The communications revolution had raised central questions about how science should be conveyed to the growing popular audience. Popularizers valued accessibility, clarity and simplicity. They appreciated the appeal of visual images. They often used language and images to point to the connectedness of nature reflected in the unity of science. By contrast, in the opinion of some editors, specialist experts were too narrow and technical in their writing to reach the general reader. W. T. Stead, for example, editor and proponent of the ‘new journalism’, recommended that newspaper editors ‘never employ an expert to write a popular article on his own subject’. It was far better to employ ‘someone who knows nothing about it to tap the expert's brains, and write the article, sending the proof to the expert to correct’. The problem with experts was that they forgot that they were ‘not writing for experts but for the public, and will assume that they need not be told things which, although familiar to him as ABC, are nevertheless totally unknown to the general reader’.70 From the 1860s to the 1880s many popular science journal editors encouraged broader participation by their audiences through the use of innovative formats and more extensive use of correspondence columns.
Reflections
In the introduction to the first issue of his new journal, the Popular Science Review, published in 1862, James Samuelson offered an example that symbolized scientific progress. He pointed to how knowledge had been pursued in ‘former times’, when ‘representatives of science’ secluded themselves from society as they pored over philosophical works. Passing day and night engaged in experimenting upon the elements, they sought to convert the baser metals into gold. The alchemists never found what they were searching for; but modern science had made discoveries that were even more stunning—and magical—than the secret of transmuting base metals into gold, such as the invention of the steam engine or anaesthetics. Unlike the alchemist, and this was the key point for Samuelson, modern scientists did not keep their discoveries a secret. The spread of knowledge required the ‘united efforts of many minds’. As a result, ‘the men whose avocation it is to penetrate nature's secrets, do not now, as formerly, work alone, secluded from the world, and surrounded by mysteries impenetrable to the vulgar gaze, as were their ancestors’. Instead, they competed ‘with one another in imparting, not in concealing, information’. The hallmark of modern science, then, was that the ‘thoughtful sage’, who spent his nights in private study, rambled ‘through country lanes’ during the day, ‘surrounded by anxious inquirers—youths and maidens, the aged and young—all anxious to secure a little of the knowledge which he has secured at the cost of so much toil, but now dispenses with such a liberal hand’.71 To Samuelson, modern scientists openly communicated the knowledge they discovered to an interested public. Those scientists who thought that professionalization meant that the public should be excluded were, by implication, analogous to the secretive alchemist.

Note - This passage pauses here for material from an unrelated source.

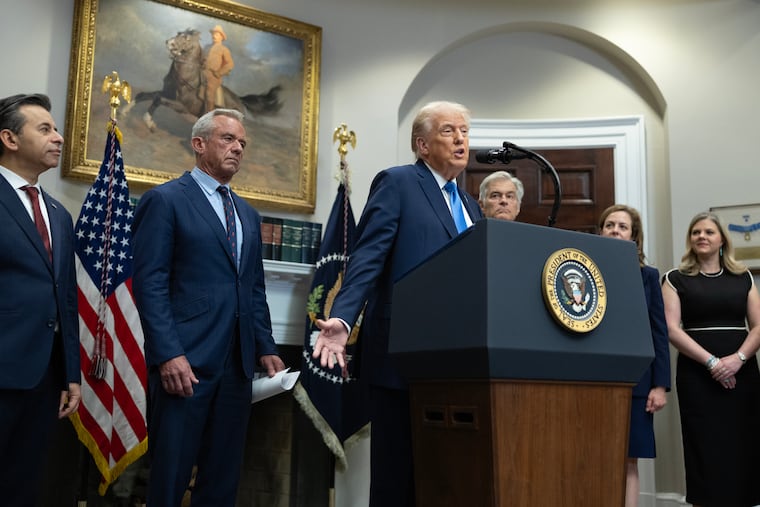 President Donald Trump, flanked by senior health officials, speaks during a news conference about autism in September. MUST CREDIT: Tom Brenner/For The Washington Post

Crucial questions were still open to debate during the period from the 1860s to the 1880s, questions such as: What is science? What is a scientist? Who can participate in the making of knowledge? Popularizers argued that science should be accessible to all, communicated through clear language and visual images rather than through jargon. They also contended for a broader definition of the term ‘scientist’ that was not restricted to those with specialized training or expertise. Members of the public could actively participate in the pursuit of scientific truth in different ways, not just as passive consumers of elite science or as collectors of specimens or data for would-be professional scientists working in the laboratory. In the public spaces of science, such as museums and aquaria, they were legitimate witnesses to important experiments. In the field, they conducted research that could potentially lead to ground-breaking new scientific discoveries like those made by Faraday or Darwin. The participatory ideal behind the concept of the Republic of Science from earlier in the century, as noted by Sheets-Pyenson, continued into the 1860s, 1870s and 1880s, shaped by new developments in Victorian publishing, politics, culture and society.

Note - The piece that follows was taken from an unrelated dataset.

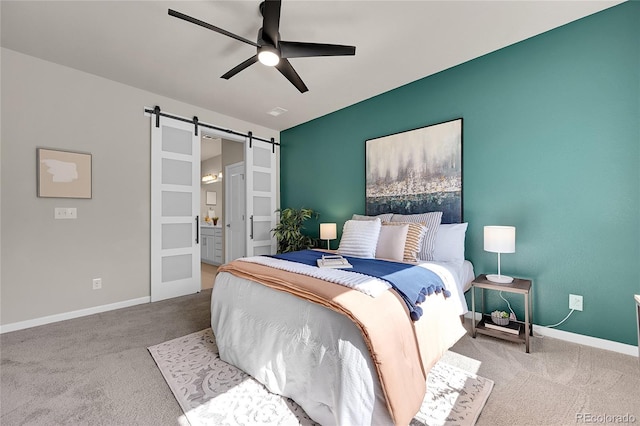 carpeted bedroom with ensuite bath, a barn door, and ceiling fan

The enduring power of the participatory ideal into the 1880s provokes some interesting reflections on the recent scholarship dealing with the broader issues of professionalization and the creation of scientific icons. As for the former, it has become evident that the attitude of scientific naturalists such as Huxley and Joseph Hooker towards amateurs is more complicated than historians originally thought. Barton has pointed out that we have neglected the significance of amateur members of the X Club, such as John Lubbock. Desmond has shown that when forging alliances, members of the X Club were more concerned with an individual's commitment to naturalism rather than their professional qualifications. In his examination of Hooker's career, Endersby has explored how some scientific naturalists, especially Hooker, distanced themselves from the notion of ‘professional’ as a self-serving interest group with a commercial stake in advancement.72 In trying to understand what it meant to be a professional scientist in the second half of the century, at least from the perspective of the scientific naturalists, we cannot simplistically oppose the professional to the amateur. The professionalization of science was a lengthy process. It was far from complete by the end of the century. The scientific naturalists pushing for what they thought of as professionalization were not fanatically opposed to the participation of all amateurs. This may have allowed for the participatory ideal so important to popularizers to survive into the 1880s.

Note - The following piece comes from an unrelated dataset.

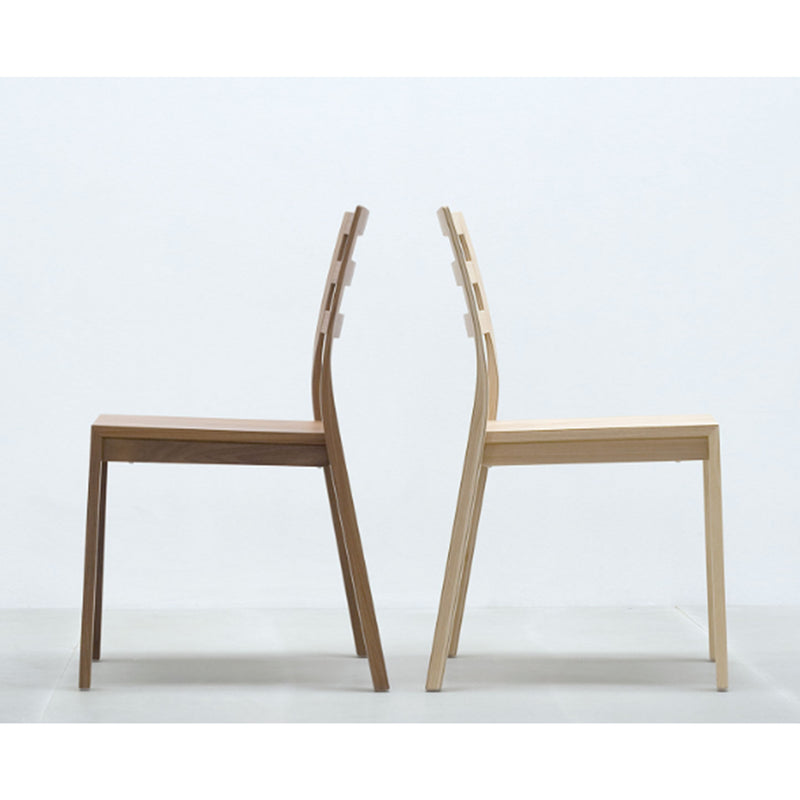 Two Hussl ST10 stackable chairs with a minimalist design are placed back-to-back against a white wall. Featuring straight legs and slightly curved backrests, these chairs offer modern, sleek style and convenience.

Two of the exemplary scientists celebrated by the popularizers, Faraday and Darwin, have continued to be significant for defining the cultural place of science. But they have not been presented as illustrations of how anyone can participate in the making of science. Near the end of the century, Faraday was appropriated by professional scientists to serve as an icon for the importance of pure science. During the centenary of Faraday's birth in 1891, leading men of science began to recognize the potential of exploiting his reputation in their campaign for more state funding. Faraday could be used to supersede the engineers’ celebration of James Watt as the icon of industrial application of science. Scientists believed that commemorating Watt as the heroic inventor undermined the purely intellectual pursuit of scientific knowledge. Moreover, they were opposed to the emphasis on Watt as an autodidact since it encouraged complacency with regard to scientific and technical education. By 1931, the centenary of Faraday's ‘discovery’ of electromagnetic induction, he had become the personification of scientific modernity, the pure scientist who was responsible for the invention of electrical power, though he too, ironically, can be seen as an autodidact. The Faraday celebrations in 1931 eclipsed the centenary of James Clerk Maxwell's birth and the founding of the British Association for the Advancement of Science.73 From the late nineteenth century up to the 1930s, Faraday was preferable to Darwin because of the uncertainty surrounding the fate of the theory of natural selection, as Richmond's account of the 1909 centenary of Darwin's birth illustrates.74 It was not until the 1959 celebrations of the centenary of the Origin of Species that Darwin became the scientific icon that we are familiar with today, superseding Faraday.75 The appropriation of Faraday and, later, of Darwin as iconic figures served to undermine the participatory ideal of the nineteenth-century popularizers and reflected the increasing power of professionalization.
Acknowledgements
The author would like to express his gratitude to the editors, Berris Charnley and Sally Shuttleworth, for their patience and sound editorial advice. Thanks also to two anonymous referees who helped to sharpen the arguments presented in the paper.
Notes
The Quarterly Journal of Science was founded in 1864 and edited by James Samuelson and the chemist William Crookes. Significant changes took place later, first in 1869, when Samuelson became chief editor, and then in 1879, when the journal became a monthly. It ceased publication in 1881. See Ruth Barton, ‘Just before Nature: the purposes of science and the purposes of popularization in some English popular science journals of the 1860s’, Ann. Sci. 55, 1–33 (1998), at pp. 6, 18–26.
‘Introduction’, Q. J. Sci. 1, 1–23 (1864), at p. 4.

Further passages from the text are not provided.